Much has been written about the widespread popularity and influence of Greek, Egyptian, and Oriental mystery religions on the first Christian century - the cults of Eleusis, Mithra, Isis, Dionysus, Cybele, and many local cults. These promised purification and immortality of the soul and often centered on myths of a goddess whose lover or child was taken from her, usually by death, and later restored. The mysteries also featured secret initiatory and other rites involving ceremeonial washing, blood-springkling, sacramental meals, intoxication, emotional frenzy, and impressive pageantry by which devotees were supposed to gain union with the deity. Social equality within the mysteries helped make them attrative to the lower classes.

On the other hand, not until the second, third, and fourth centuries of the Christian era do we get detailed information concering the beliefs held by devotees of the mysteries. Therefore, though nobody doubts the pre-Christian existence of mystery religions, their pre-Christian beliefs remain largely unknown. Where their later beliefs look slightly similar to Christian beliefs, the direction of borrowing may have gone from Christianity to the mystery religions rather than vice versa, especially since pagans were notoriously assimilative (see "Syncretism") and early Christians exclusivistic. Besides, similarities are often more apparent than real, and even where real they do no necessarily imply borrowing in either direction.

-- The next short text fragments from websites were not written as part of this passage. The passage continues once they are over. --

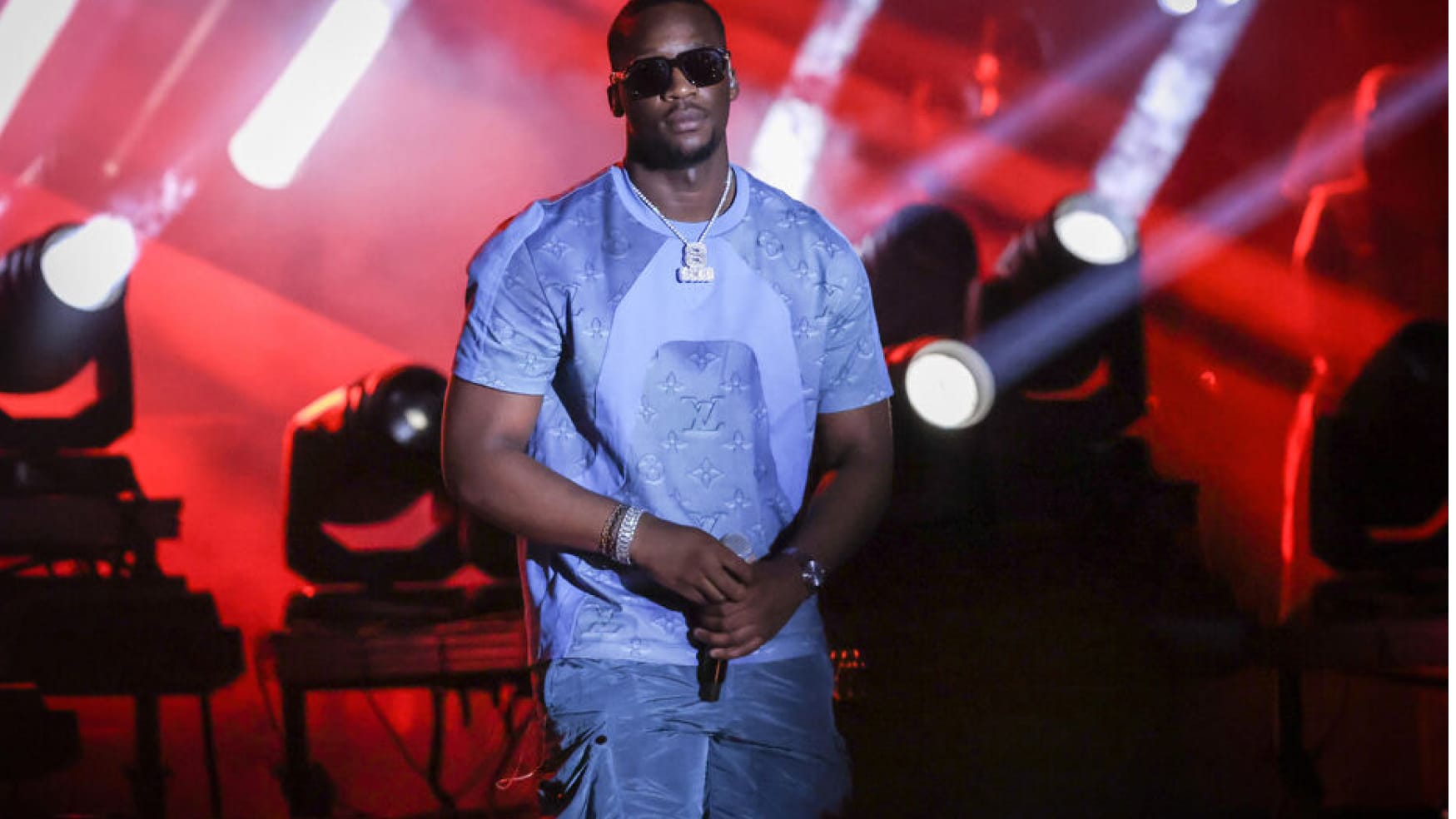 Accusé de ne plus savoir rapper, SDM se justifie : « quand on m’invite ...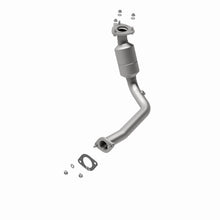 Load image into Gallery viewer, MagnaFlow Direct Fit Catalytic Converter 04 Chevy Malibu 3.5L
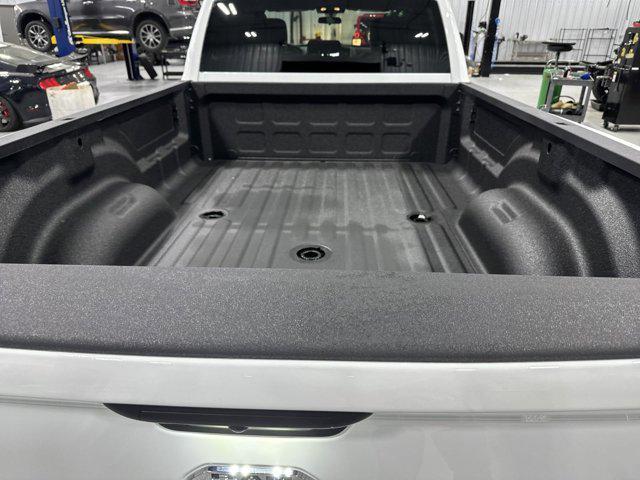 new 2024 Ram 3500 car, priced at $66,999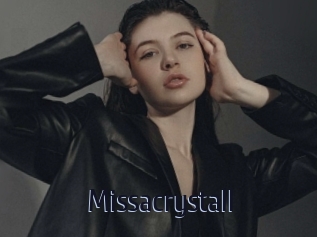 Missacrystall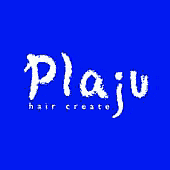 美容室hair create plaju_ロゴ画像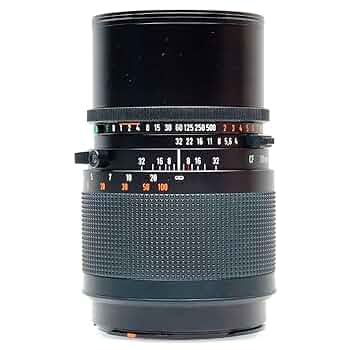【美品】ハッセルブラッド ゾナー CF 180mm F4 T* Sonnar CF 180mm f4 (Hasselblad) – FLASHBACK CAMERA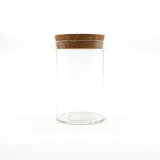 Spice glass container -350ml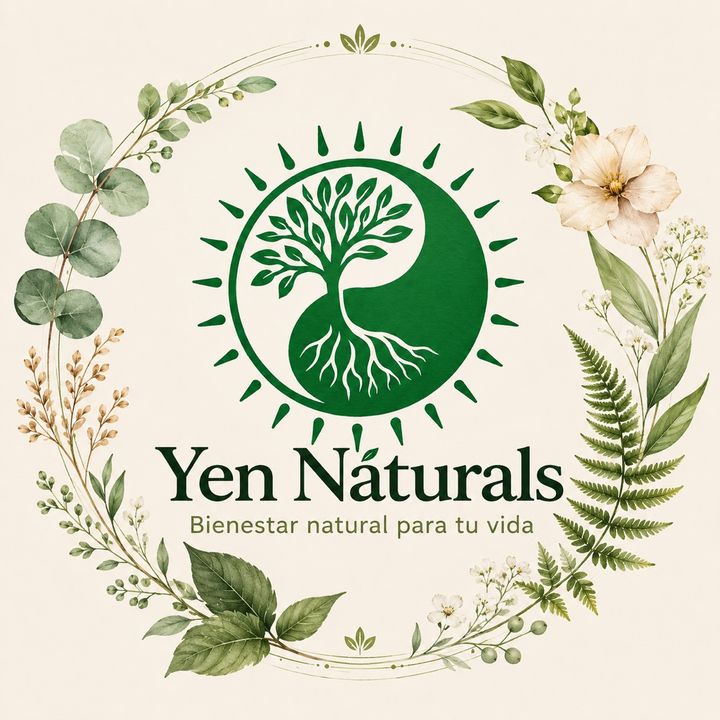 Tienda Naturista Yen Naturals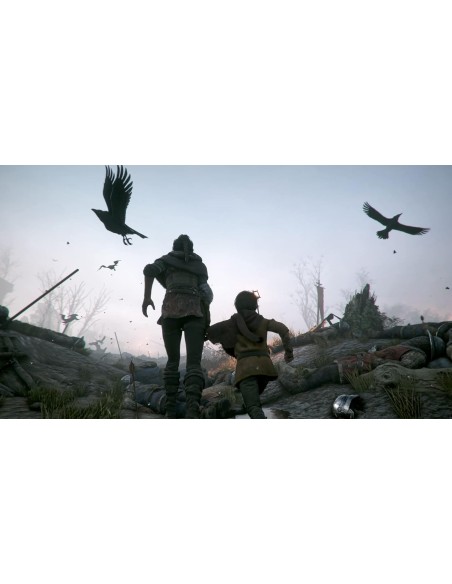 Juego A Plague Tale Innocence Playstation 4 | PS4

For example, the myths of dying and rising gods do not really correspond to the New Testament of accounts of Jesus' death and resurrection. In the first place, the deaths of the gods were not thought to purchase redemption for human beings. Furthermore, the story of Jesus' death and resurrection had to do with recent historical figure; the myths usually had to do with personifications of vegetaional process (the annual dying and renewal of plant life) and thus did not move on the plane of history at all, much less recent history. Finally, the mythological gods did not rise in full bodily resurrection, but revived only in part or merely in the world of the dead. When the fourteen parts of Osiris's body were reassembled, for example, he became king of the dead in the underworld. All that Cybele could obtain for the corpse of Attis was that it should not decay, that its hair should continue to grow, and that its little finger should move - yet the story Cybele and Attis, who purportedly died by self-castration, is sometimes cited as asignificant parallel to the story of Jesus' death and resurrection. As a matter of fact, the very thoughts of death by crucifixion and physical resurrection were abhorrent to ancient pagans, who associated curcifixion with criminals and often thought of the body as a prison for the soul and as the seat of evil. If Christians had borrowed their beliefs from popular mystery religions, one wonders why the pagans widely regarded the Christian gospel as foolish, incredible, and deserving of persecution.